A couple of weeks ago Spaniards were shown some photos of themselves in the New York Times, and many didn’t like what they saw. The photographer: A certain Samuel Aranda.

The images the Times ran, in slideshow format on its international web page, depict, in black and white, a desperate and no doubt destitute family on the verge of being evicted from an apartment, a man scrounging for food in a trash container, some of Spain’s white-elephant construction projects now lying half finished and abandoned, a packed soup kitchen, angry street protests over government cutbacks, immigrants squatting in an empty factory, and more.

Taken together, this is hardly the face any country wants to put forward. Spaniards have complained, rightly, that the photos don’t tell the whole story.

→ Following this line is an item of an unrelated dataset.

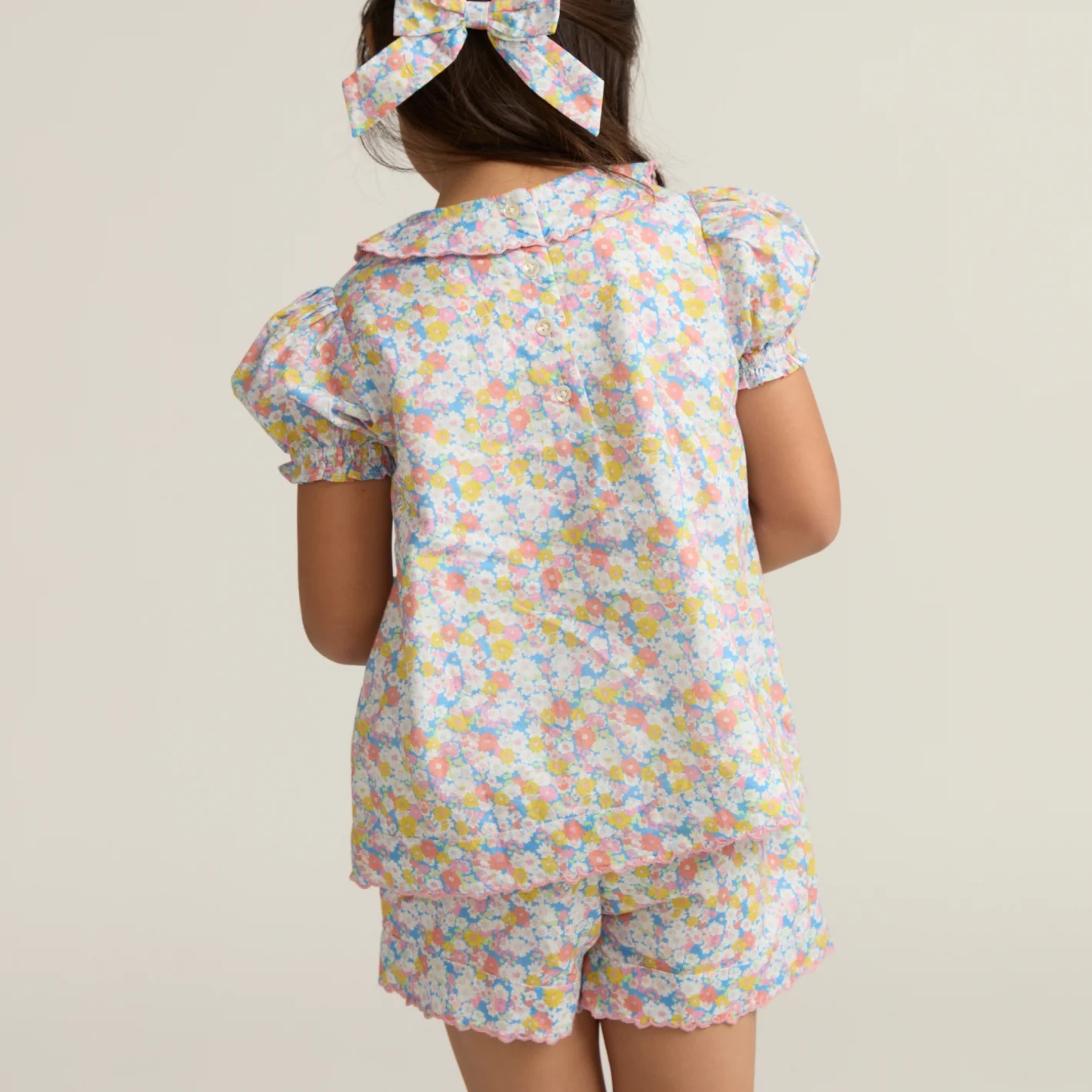 girls jasmine blossom puff sleeve top and short set - Image 4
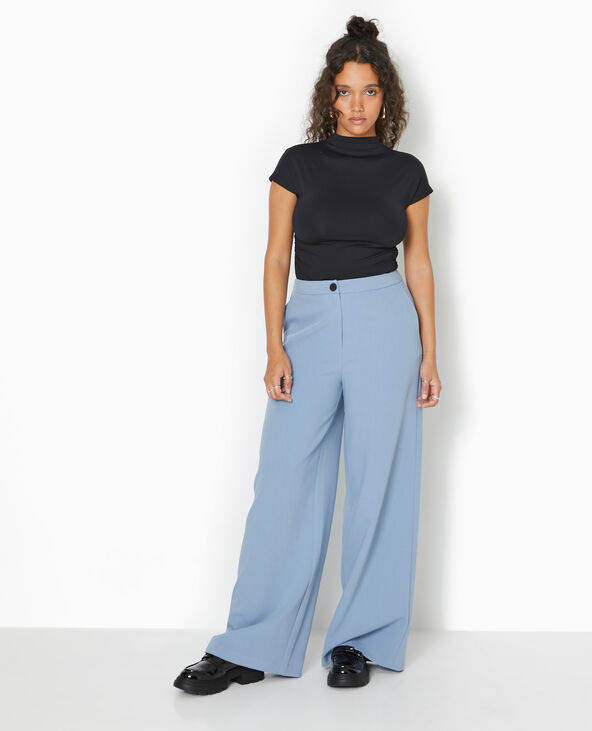 Pantalon large et droit taille haute bleu - Pimkie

Spain isn’t all poverty and desperation. Easy proof: go out on any evening in Barcelona or Madrid or Bilbao and you will find most restaurants packed with diners, and not just diners visiting from other countries.

An economist recently told me that while it’s true that Spain’s macro-numbers are grim – unemployment near 25 percent and double that for young people, with an economy set to shrink again this year, by 1.3 percent according to the IMF – there is still a lot of money in this country. Trillions in savings. His point was that Spain still has fat to burn, even amongst the middle classes.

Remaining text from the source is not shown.